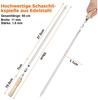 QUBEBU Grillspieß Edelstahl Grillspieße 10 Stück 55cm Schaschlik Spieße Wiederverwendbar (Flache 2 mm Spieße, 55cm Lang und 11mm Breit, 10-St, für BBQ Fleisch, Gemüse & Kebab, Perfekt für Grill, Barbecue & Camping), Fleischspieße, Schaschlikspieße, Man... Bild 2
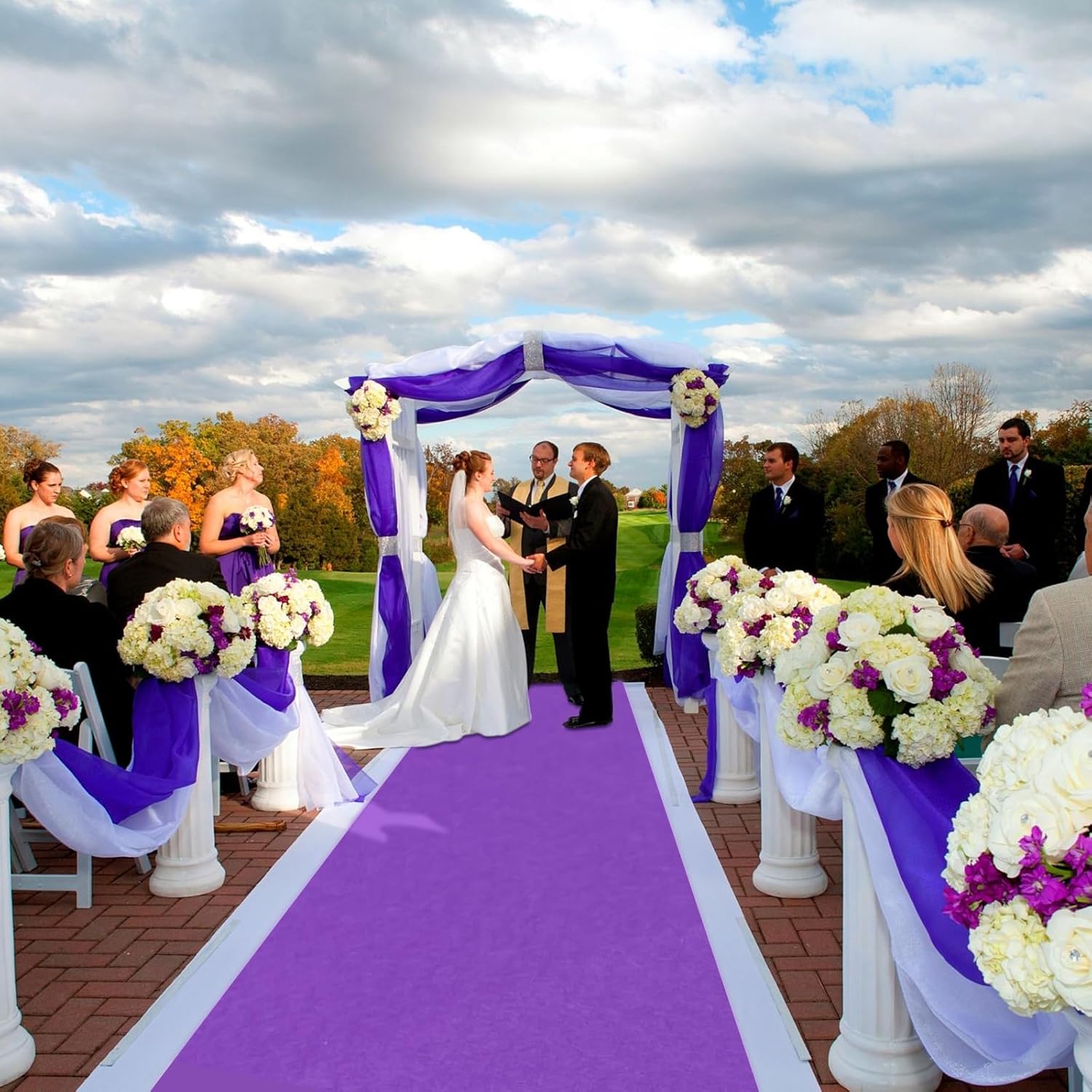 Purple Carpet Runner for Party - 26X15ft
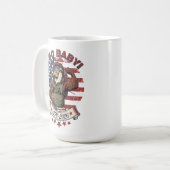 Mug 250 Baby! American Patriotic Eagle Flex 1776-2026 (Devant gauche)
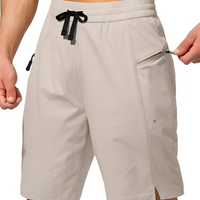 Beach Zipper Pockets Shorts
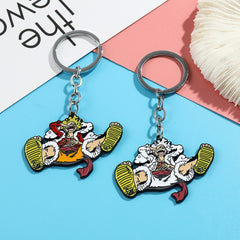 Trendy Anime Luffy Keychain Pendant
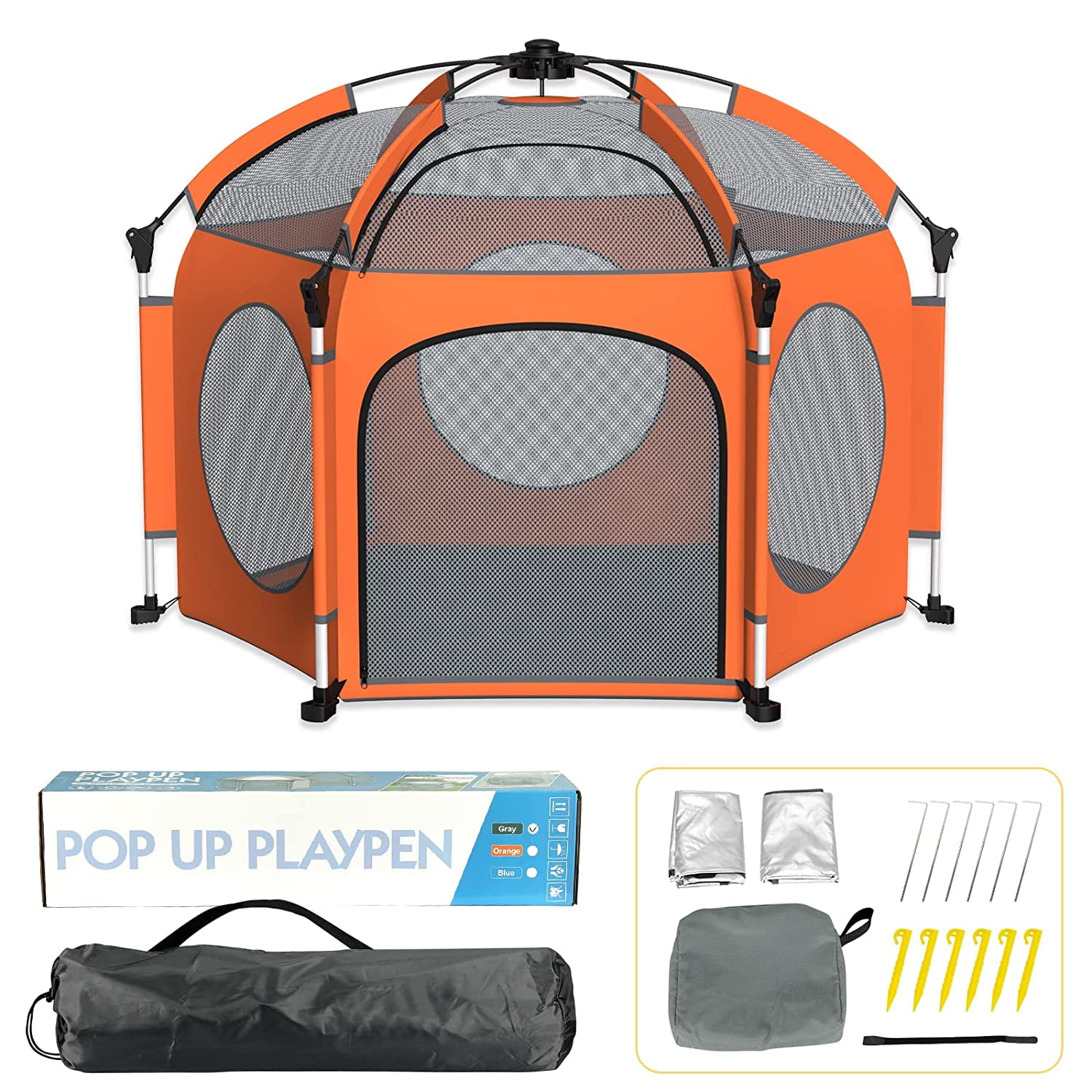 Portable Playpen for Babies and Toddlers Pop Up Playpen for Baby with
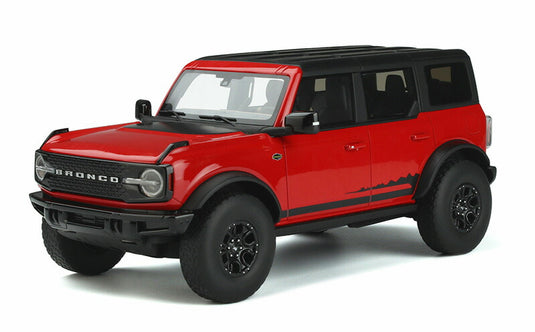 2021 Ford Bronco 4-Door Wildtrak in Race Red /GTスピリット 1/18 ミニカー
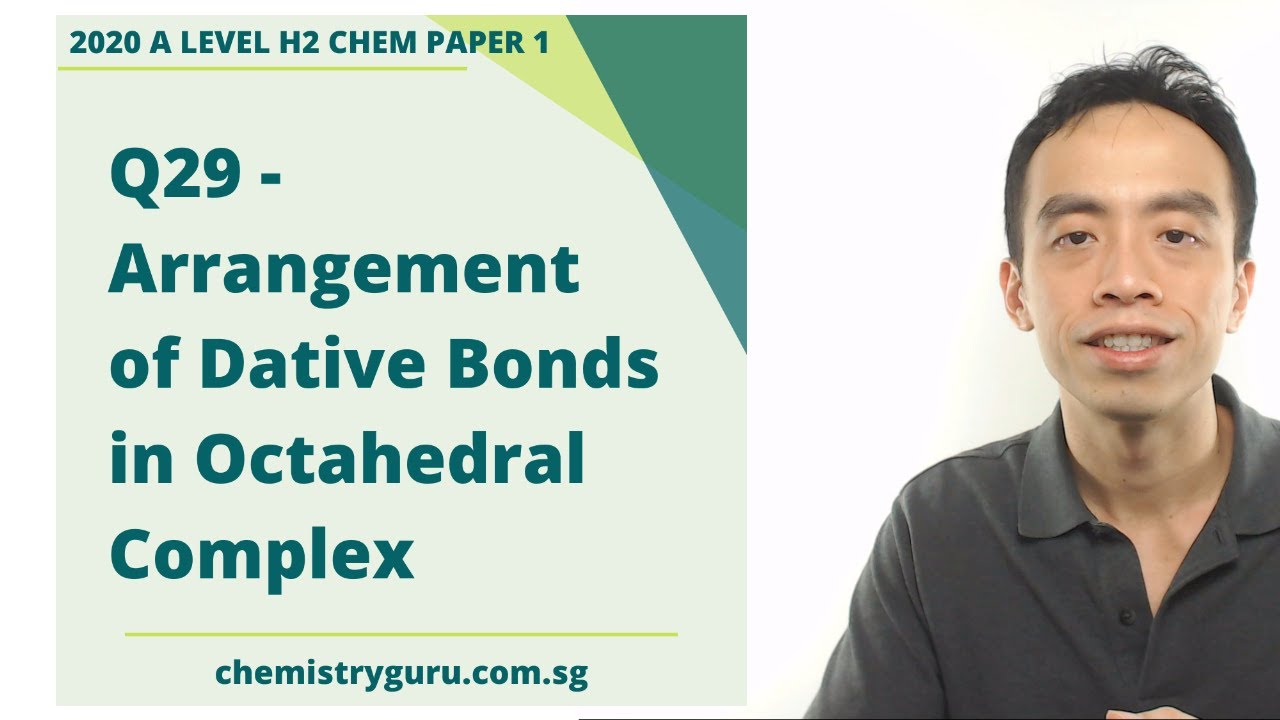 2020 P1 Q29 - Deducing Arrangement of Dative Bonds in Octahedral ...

● ● ● ● ●

Output nothing but the entries above, exactly, once the pictures are removed.

Completed exercise:
 QUBEBU Grillspieß Edelstahl Grillspieße 10 Stück 55cm Schaschlik Spieße Wiederverwendbar (Flache 2 mm Spieße, 55cm Lang und 11mm Breit, 10-St, für BBQ Fleisch, Gemüse & Kebab, Perfekt für Grill, Barbecue & Camping), Fleischspieße, Schaschlikspieße, Man... Bild 2
 Purple Carpet Runner for Party - 26X15ft
 Mug 250 Baby! American Patriotic Eagle Flex 1776-2026 (Devant gauche)
 Beach Zipper Pockets Shorts
 Trendy Anime Luffy Keychain Pendant
 Portable Playpen for Babies and Toddlers Pop Up Playpen for Baby with
 2021 Ford Bronco 4-Door Wildtrak in Race Red /GTスピリット 1/18 ミニカー
 2020 P1 Q29 - Deducing Arrangement of Dative Bonds in Octahedral ...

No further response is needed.